JMIR Publications

ABSTRACT

Background:

Despite mechanistic data imply the adverse impact of particulate matters (PMs) on multiple body systems, epidemiological evidence is sparse on the mortality risk and burden of a whole spectrum of death causes attributable to size-fractionated PMs. We aimed to examine the wide range of susceptible diseases affected by different sizes of PMs.

Objective:

We aimed to assess the association between particulate matters (PMs) with an aerodynamic diameter less than 1 µm (PM1), 2.5 µm (PM2.5), and 10 µm (PM10) and deaths from 36 causes in Guangzhou, China.

Methods:

Daily data were obtained on cause-specific mortality, PMs and meteorology during 2014-2016. A time-stratified case-crossover approach was applied to estimate the risk and burden of cause-specific mortality attributable to PMs after adjusting for the potential confounding variables, such as long-term trend and seasonality, relative humidity, temperature, air pressure and public holidays. Stratification analyses were further conducted to explore the potential modification effects of season and demographic characteristics (gender and age). We also assessed the mortality reduction by attaining the new air quality guidelines of World Health Organization (WHO).

Results:

Positive and monotonic associations were generally observed between PMs and mortality. For each 10 μg/m3 increase in four-day moving average concentrations of PM1, PM2.5 and PM10, the risk of all-cause mortality increased by 2.00% (95%CI: 1.08–2.92%), 1.54% (95%CI: 0.93–2.16%) and 1.38% (95%CI: 0.95–1.82%), respectively.
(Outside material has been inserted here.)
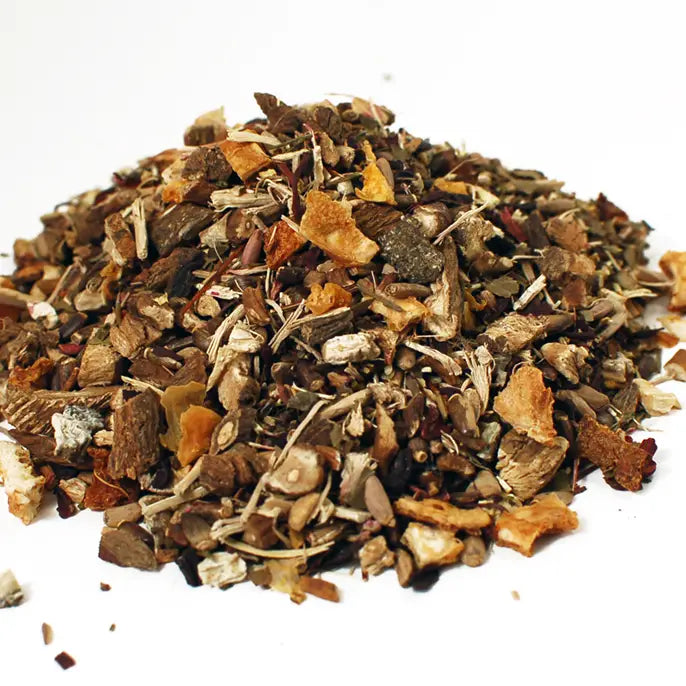 Pomegranate Detox Wellness Tea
Significant effects of size-fractionated PMs were observed for deaths from non-accidental cause, cardiovascular disease, respiratory disease, neoplasms, chronic rheumatic heart diseases, hypertensive diseases, cerebrovascular diseases, stroke, influenza and pneumonia. If daily concentrations of PM1, PM2.5 and PM10 reached the WHO target levels of 10, 15 and 45 μg/m3, 7921 (95%CI: 4454–11206), 8303 (95%CI: 95%CI: 5063–11248) and 8326 (5980–10690) deaths can be saved, respectively. The effect estimates of PMs were relatively higher among hot months, females and those aged 85 years or above, although the difference between subgroups was not statistically significant.

Conclusions:

We observed positive and monotonical exposure‒response curves between PMs and deaths from several diseases. The effect of PM1 was stronger on mortality than PM2.5 and PM10. Substantial premature deaths could be avoidable when PMs attained the WHO’s new guidelines. Our findings highlight the importance of size-based strategy in the control of PMs and management of their health impact.